Die „simulierte“ Besetzung des Lastwagens mit zwei Fahrern, die sich dann vor den Augen des Gesetzes am Steuer abwechseln, laufe rechtlich unter der Überschrift „Fälschung beweiserheblicher Daten“. Bereits den Betriebsprüfern sei aufgefallen, dass es in vielen Fällen wohl tatsächlich nur Einzelfahrer gegeben habe, was dann die weiteren Ermittlungen und die Durchsuchungen zur Folge hatte.
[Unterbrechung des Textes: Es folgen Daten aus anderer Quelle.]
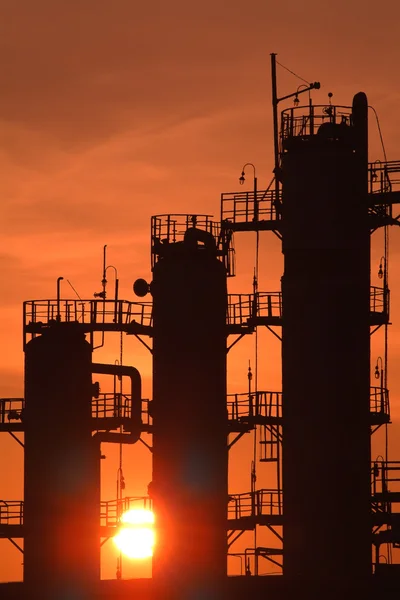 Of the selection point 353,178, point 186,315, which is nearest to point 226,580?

Polizei und Staatsanwaltschaft sprechen von „erheblichen Unregelmäßigkeiten“

Dabei stellten die Beamten unter anderem auch Dokumente und Mobiltelefone neben den elektronischen Speichermedien für die Fahrtenschreiber sicher. Polizei und Staatsanwaltschaft sprachen am Donnerstag von „erheblichen Unregelmäßigkeiten“, die Anklagebehörde habe Ermittlungen gegen den Inhaber und den ehemaligen Verkehrsleiter eines Unternehmens eingeleitet.

Ob es zwischen den beiden Betrieben Verbindungen gibt und welcher Art diese waren, konnte die Polizei am Donnerstag auf Nachfrage nicht sagen.